▶ Exercise prompt
Copy out every line of the records where the string "with" occurs.
^^^^
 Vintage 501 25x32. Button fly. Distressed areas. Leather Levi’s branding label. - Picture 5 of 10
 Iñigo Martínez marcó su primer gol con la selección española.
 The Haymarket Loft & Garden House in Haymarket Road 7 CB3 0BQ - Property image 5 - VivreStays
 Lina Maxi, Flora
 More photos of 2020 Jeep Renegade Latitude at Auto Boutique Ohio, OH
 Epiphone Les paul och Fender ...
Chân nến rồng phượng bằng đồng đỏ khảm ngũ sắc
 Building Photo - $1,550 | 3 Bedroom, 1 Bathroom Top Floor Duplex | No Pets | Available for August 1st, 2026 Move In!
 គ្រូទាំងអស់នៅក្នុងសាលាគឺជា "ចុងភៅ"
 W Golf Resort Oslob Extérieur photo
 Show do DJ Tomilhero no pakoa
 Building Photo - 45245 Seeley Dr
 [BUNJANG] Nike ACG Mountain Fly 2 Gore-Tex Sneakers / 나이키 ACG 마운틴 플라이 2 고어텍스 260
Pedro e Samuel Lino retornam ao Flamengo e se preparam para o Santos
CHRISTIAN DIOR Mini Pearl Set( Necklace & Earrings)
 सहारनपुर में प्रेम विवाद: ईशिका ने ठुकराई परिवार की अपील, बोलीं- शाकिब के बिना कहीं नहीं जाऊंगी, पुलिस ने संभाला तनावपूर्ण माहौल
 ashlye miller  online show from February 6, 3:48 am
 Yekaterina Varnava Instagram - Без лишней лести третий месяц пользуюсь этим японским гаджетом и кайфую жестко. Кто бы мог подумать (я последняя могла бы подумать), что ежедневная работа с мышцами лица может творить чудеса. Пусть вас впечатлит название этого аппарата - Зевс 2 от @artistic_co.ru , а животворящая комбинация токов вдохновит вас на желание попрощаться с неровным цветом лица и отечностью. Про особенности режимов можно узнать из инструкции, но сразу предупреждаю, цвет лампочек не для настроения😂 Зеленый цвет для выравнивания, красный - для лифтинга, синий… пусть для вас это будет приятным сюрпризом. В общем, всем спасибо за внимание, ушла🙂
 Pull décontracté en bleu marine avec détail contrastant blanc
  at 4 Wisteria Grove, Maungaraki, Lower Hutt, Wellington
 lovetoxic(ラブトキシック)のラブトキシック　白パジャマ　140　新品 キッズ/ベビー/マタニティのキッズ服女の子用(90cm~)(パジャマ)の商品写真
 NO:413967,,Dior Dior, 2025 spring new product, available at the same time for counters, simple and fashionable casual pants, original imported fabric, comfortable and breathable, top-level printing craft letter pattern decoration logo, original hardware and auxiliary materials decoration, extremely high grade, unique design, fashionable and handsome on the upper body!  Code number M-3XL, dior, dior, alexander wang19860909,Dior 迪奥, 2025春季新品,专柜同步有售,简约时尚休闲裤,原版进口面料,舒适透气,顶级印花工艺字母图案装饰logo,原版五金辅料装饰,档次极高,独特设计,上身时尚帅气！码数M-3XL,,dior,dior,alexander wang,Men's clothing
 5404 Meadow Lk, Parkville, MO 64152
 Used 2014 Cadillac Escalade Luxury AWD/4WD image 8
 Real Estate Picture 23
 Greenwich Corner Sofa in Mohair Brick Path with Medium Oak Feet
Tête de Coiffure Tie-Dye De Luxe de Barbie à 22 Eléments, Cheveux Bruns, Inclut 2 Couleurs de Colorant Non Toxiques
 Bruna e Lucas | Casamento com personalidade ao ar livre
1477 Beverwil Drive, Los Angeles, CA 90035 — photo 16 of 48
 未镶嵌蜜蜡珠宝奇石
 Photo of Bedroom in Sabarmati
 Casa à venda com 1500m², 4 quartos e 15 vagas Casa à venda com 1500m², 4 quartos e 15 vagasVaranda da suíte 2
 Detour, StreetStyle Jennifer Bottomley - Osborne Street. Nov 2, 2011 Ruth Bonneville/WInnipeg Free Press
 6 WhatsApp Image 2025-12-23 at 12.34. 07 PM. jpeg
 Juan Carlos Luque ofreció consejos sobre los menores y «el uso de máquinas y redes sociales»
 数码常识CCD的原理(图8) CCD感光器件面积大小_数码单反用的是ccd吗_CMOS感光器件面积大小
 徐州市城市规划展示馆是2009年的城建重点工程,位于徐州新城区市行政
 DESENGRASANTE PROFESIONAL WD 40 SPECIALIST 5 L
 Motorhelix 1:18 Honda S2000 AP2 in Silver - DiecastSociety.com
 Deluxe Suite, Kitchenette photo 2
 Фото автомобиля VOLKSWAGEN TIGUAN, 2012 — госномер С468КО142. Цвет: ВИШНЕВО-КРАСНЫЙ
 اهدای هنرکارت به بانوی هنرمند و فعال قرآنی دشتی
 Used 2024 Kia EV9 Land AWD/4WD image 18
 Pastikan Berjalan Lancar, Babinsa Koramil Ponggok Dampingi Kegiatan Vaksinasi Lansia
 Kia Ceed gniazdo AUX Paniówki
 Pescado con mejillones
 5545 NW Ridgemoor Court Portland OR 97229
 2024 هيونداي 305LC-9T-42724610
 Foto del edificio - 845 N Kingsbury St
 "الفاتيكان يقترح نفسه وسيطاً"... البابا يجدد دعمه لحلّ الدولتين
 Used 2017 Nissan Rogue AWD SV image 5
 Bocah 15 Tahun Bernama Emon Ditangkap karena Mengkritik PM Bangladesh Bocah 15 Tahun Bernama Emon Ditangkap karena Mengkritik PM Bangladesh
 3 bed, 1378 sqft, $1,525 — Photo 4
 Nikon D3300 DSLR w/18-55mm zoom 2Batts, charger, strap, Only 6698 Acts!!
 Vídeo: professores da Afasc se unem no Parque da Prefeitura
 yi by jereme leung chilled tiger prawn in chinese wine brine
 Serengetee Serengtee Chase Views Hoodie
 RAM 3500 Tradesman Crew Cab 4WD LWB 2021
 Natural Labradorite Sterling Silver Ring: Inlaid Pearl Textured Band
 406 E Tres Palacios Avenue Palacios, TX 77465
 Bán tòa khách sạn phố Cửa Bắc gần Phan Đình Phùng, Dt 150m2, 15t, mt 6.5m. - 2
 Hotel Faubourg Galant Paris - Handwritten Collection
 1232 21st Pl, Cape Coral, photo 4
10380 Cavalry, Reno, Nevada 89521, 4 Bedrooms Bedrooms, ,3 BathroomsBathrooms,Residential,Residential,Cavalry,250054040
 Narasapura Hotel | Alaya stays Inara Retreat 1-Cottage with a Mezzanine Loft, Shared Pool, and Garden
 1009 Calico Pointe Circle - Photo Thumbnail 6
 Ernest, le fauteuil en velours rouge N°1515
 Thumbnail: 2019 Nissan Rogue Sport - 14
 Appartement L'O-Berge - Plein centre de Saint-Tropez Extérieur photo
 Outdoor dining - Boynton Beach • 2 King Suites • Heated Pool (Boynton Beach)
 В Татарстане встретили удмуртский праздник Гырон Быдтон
^^^^
▶ Written answer
 Greenwich Corner Sofa in Mohair Brick Path with Medium Oak Feet
 Narasapura Hotel | Alaya stays Inara Retreat 1-Cottage with a Mezzanine Loft, Shared Pool, and Garden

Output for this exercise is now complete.